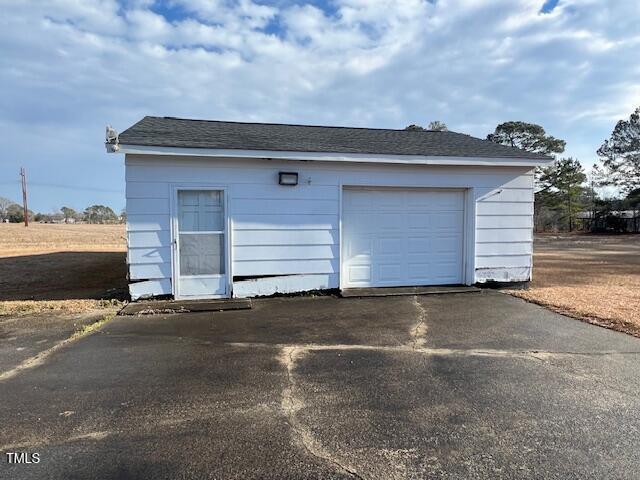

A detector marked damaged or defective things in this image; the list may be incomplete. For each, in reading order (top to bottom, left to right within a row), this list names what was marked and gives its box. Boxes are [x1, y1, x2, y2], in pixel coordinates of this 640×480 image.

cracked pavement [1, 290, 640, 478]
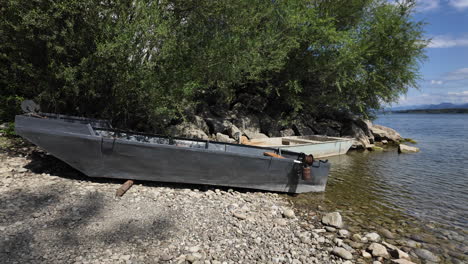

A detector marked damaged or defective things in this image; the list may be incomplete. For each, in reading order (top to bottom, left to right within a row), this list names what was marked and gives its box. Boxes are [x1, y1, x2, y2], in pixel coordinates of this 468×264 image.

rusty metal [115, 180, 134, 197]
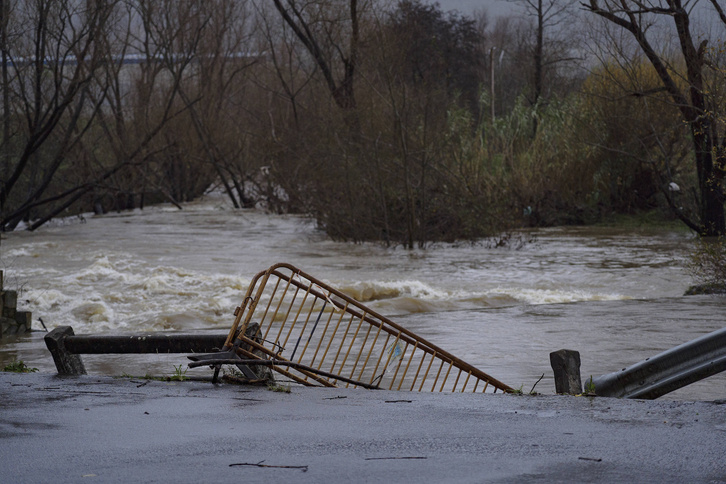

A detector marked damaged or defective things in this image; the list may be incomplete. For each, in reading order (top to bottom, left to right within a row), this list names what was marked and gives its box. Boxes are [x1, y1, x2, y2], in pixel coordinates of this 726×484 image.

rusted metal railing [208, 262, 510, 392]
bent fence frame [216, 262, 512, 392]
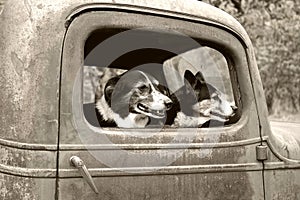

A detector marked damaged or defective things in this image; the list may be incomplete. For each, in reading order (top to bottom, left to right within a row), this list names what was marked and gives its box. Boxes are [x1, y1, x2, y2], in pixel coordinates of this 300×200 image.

◇ ◇ ◇ ◇ ◇ ◇ ◇

Exercise goal →
In the listing above, find the line containing "this 726×484 image." and restate it and every later line verbatim, with the pictures left out.

Expected answer →
A detector marked damaged or defective things in this image; the list may be incomplete. For each, in reading order (top to bottom, left to right within a row), this list names what was marked and gives its box. Boxes are [x1, y1, x2, y2], in pixel coordinates of this 726×484 image.

rusted metal railing [208, 262, 510, 392]
bent fence frame [216, 262, 512, 392]

A detector marked damaged or defective things in this image; the list may be incomplete. For each, in reading order (top to bottom, left to right within a row), this list names what was marked and gives its box. Boxes are [x1, y1, x2, y2], in pixel coordinates of this 300×200 image.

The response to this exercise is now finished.